__EXERCISE GOAL__
Once the pictures are removed, reproduce what is left of the data below exactly.
▼
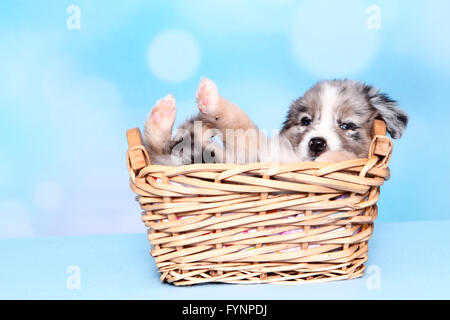 Miniature American Shepherd. Welpen (6 Wochen alt) liegen in einem Weidenkorb. Studio Bild vor einem blauen Hintergrund. Deutschland Stockfoto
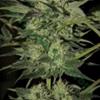 CRAZY BUD AUTO* KERA SEEDS AUTO  1 SEME FEM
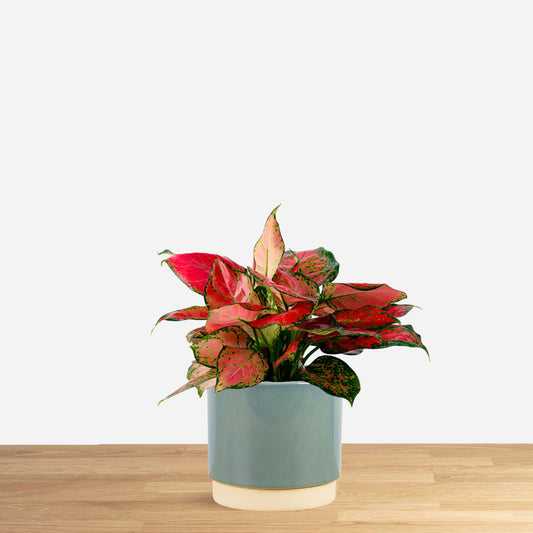Aglaonema Crete
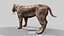 Sabertooth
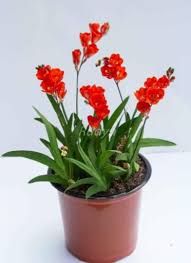 Image result for Tritonia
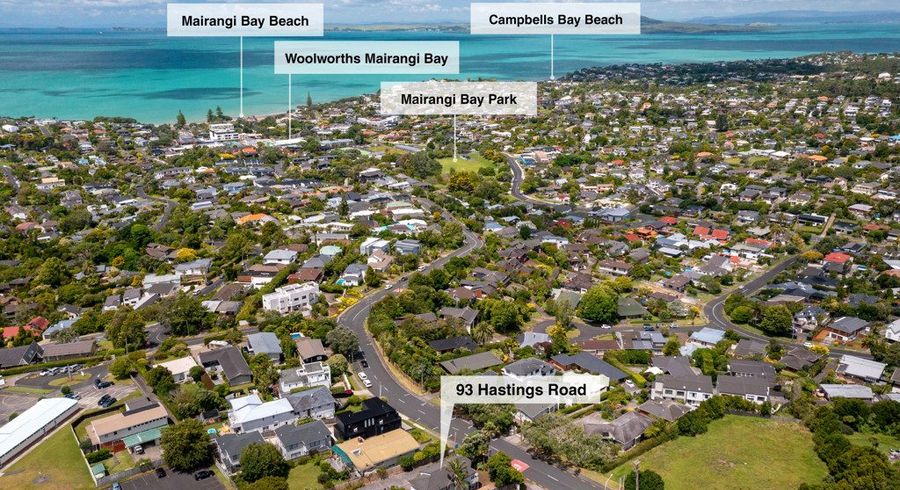  at 93 Hastings Road, Mairangi Bay, North Shore City, Auckland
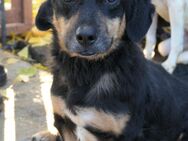 Benny - Rollihund sucht Zuhause - Kallmünz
▲
__SOLUTION FOR THIS TASK__
 Miniature American Shepherd. Welpen (6 Wochen alt) liegen in einem Weidenkorb. Studio Bild vor einem blauen Hintergrund. Deutschland Stockfoto
 CRAZY BUD AUTO* KERA SEEDS AUTO  1 SEME FEM
Aglaonema Crete
 Sabertooth
 Image result for Tritonia
  at 93 Hastings Road, Mairangi Bay, North Shore City, Auckland
 Benny - Rollihund sucht Zuhause - Kallmünz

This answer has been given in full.